Two lines in the listing below mark the span: one contains "Lieux événementiels, MERCURE" and one contains "храм Успения Пресвятой Богородицы". Reproduce both of them and everything between, exactly.

Entries supplied:

★ ★ ★ ★ ★

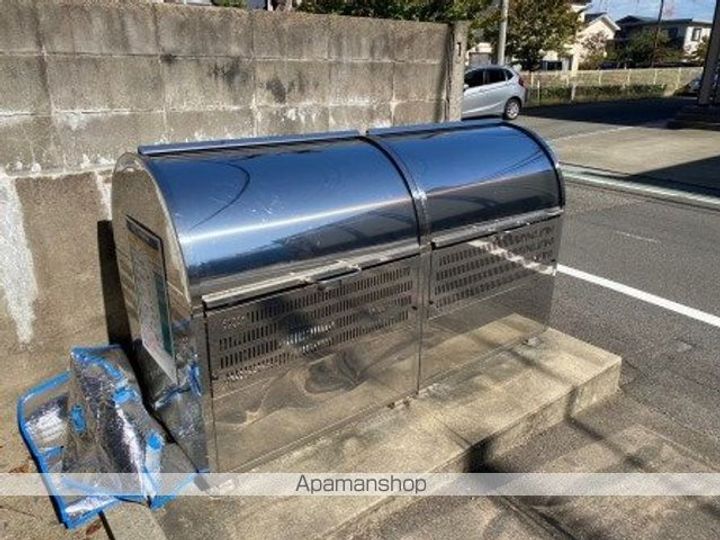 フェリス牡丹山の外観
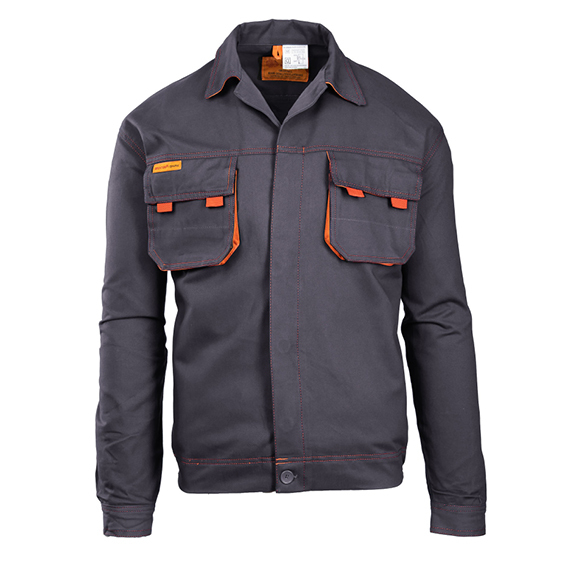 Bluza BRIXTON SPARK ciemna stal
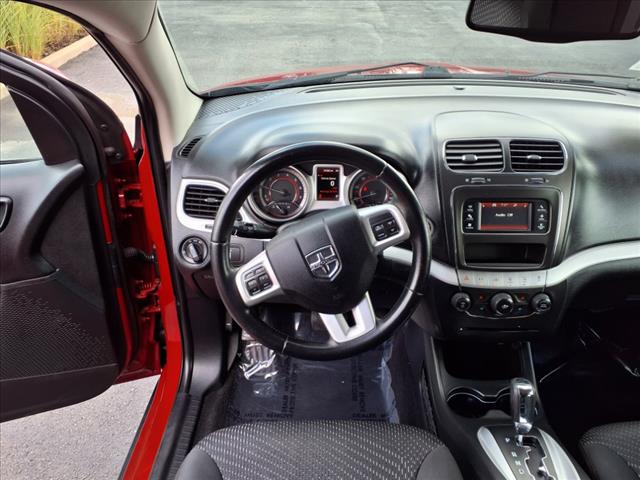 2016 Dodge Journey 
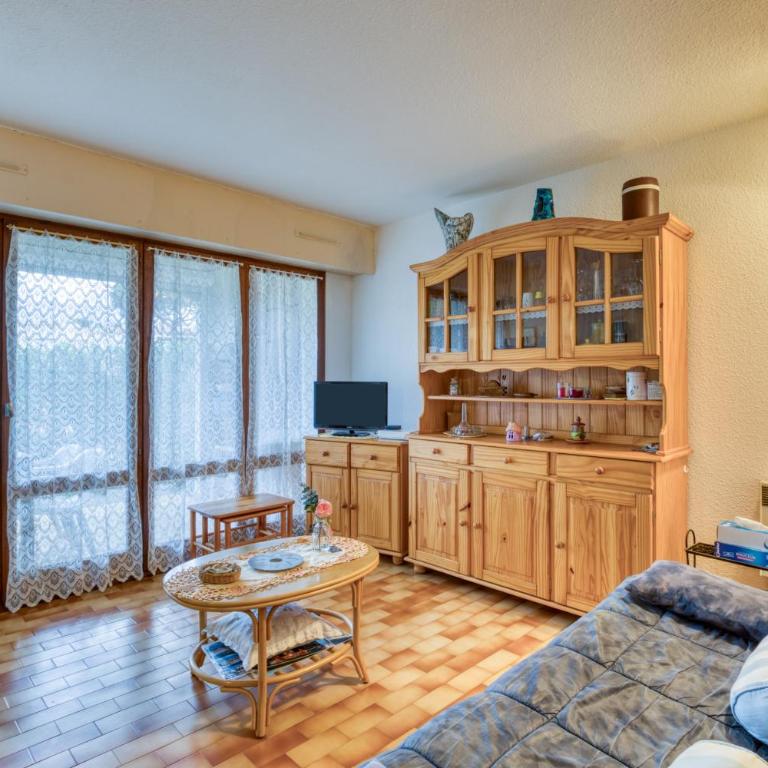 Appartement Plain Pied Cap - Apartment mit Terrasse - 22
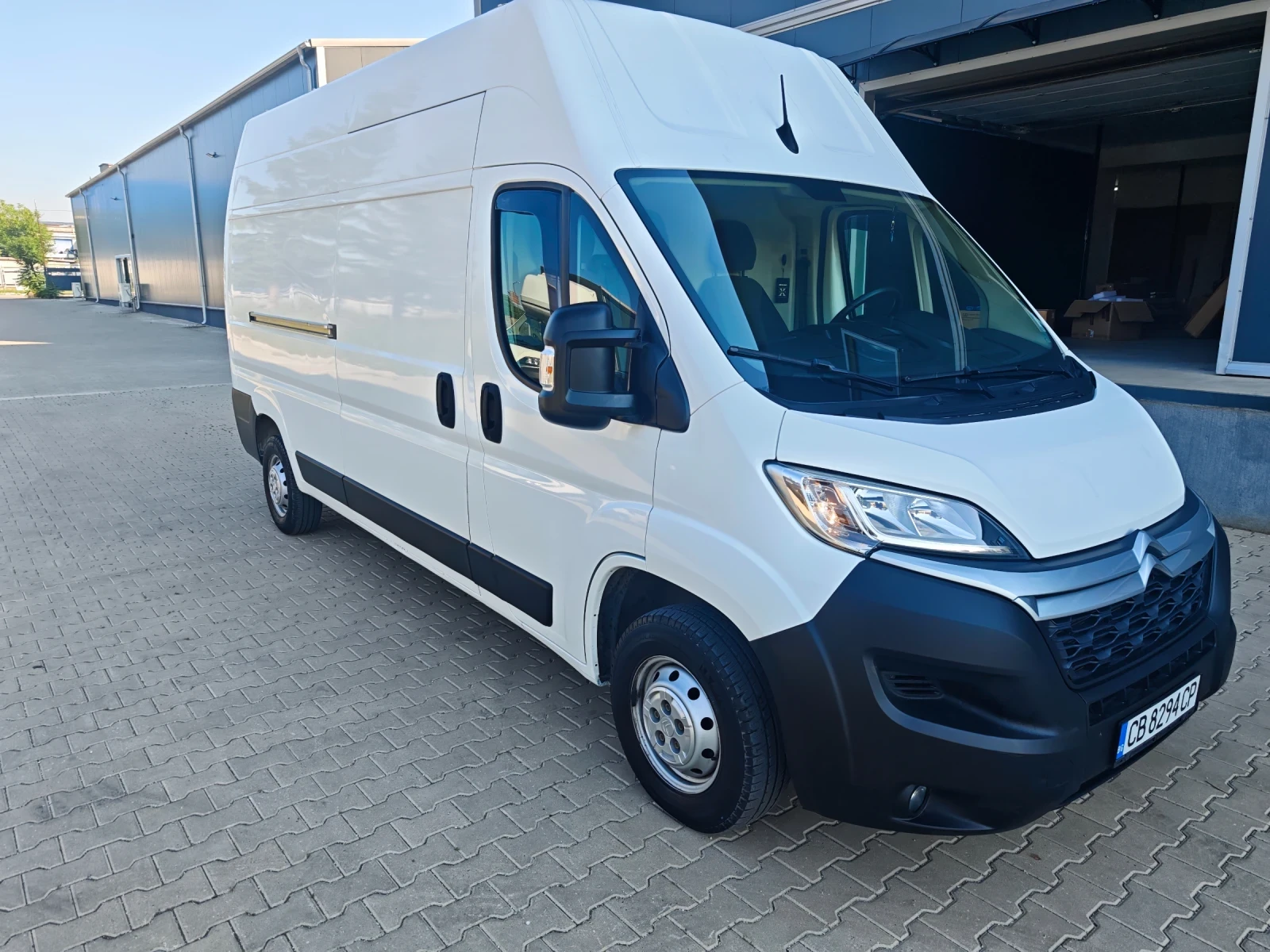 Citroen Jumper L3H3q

★ ★ ★ ★ ★

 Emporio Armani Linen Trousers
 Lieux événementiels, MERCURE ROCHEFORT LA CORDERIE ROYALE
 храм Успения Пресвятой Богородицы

★ ★ ★ ★ ★

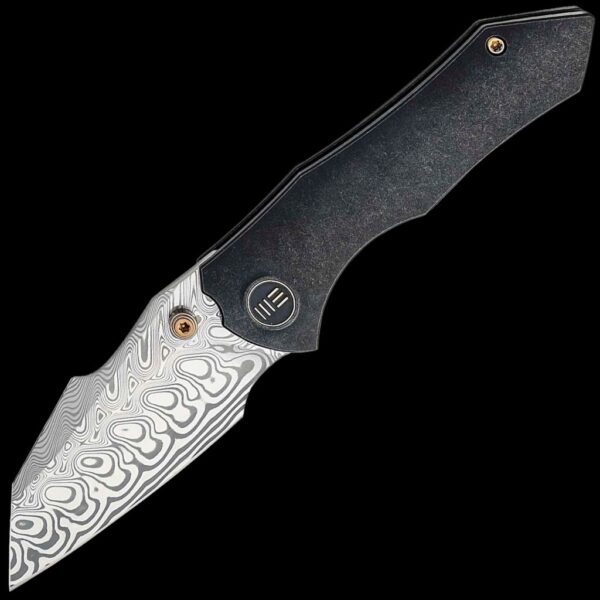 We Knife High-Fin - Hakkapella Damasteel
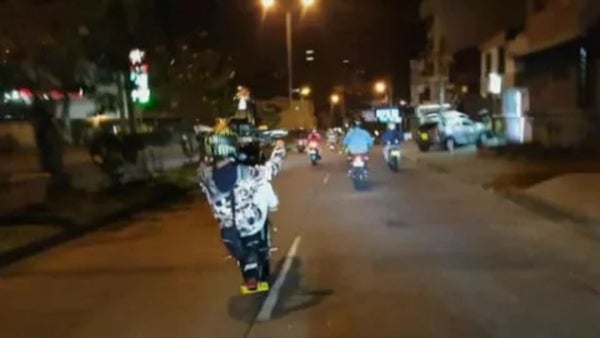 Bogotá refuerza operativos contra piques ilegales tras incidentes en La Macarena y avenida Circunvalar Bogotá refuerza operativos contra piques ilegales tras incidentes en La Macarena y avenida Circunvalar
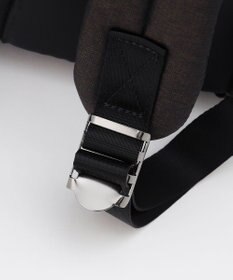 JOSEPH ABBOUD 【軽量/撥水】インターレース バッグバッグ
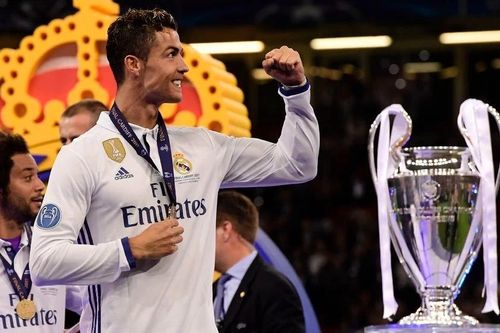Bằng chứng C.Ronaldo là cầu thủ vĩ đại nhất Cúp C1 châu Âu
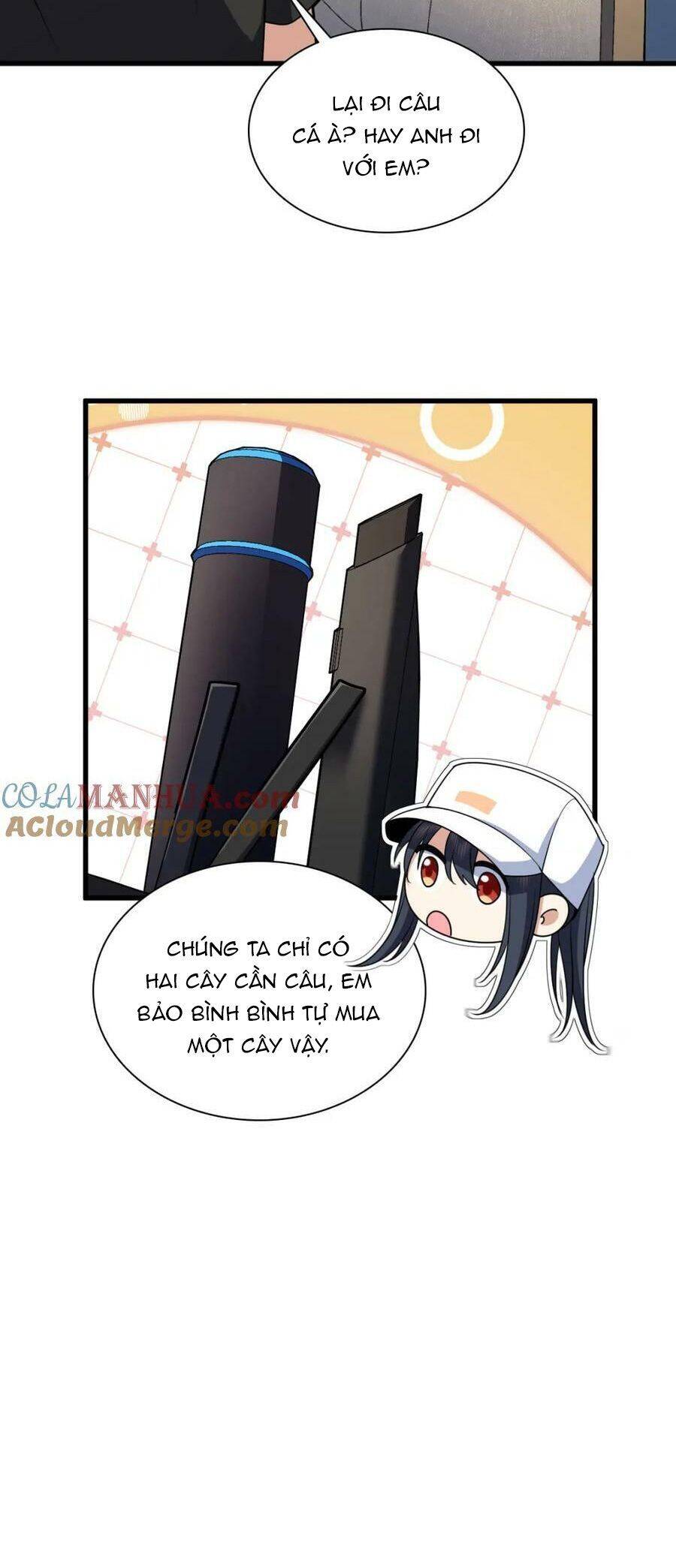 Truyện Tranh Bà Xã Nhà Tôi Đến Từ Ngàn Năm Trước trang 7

★ ★ ★ ★ ★

Solution:
 Lieux événementiels, MERCURE ROCHEFORT LA CORDERIE ROYALE
 храм Успения Пресвятой Богородицы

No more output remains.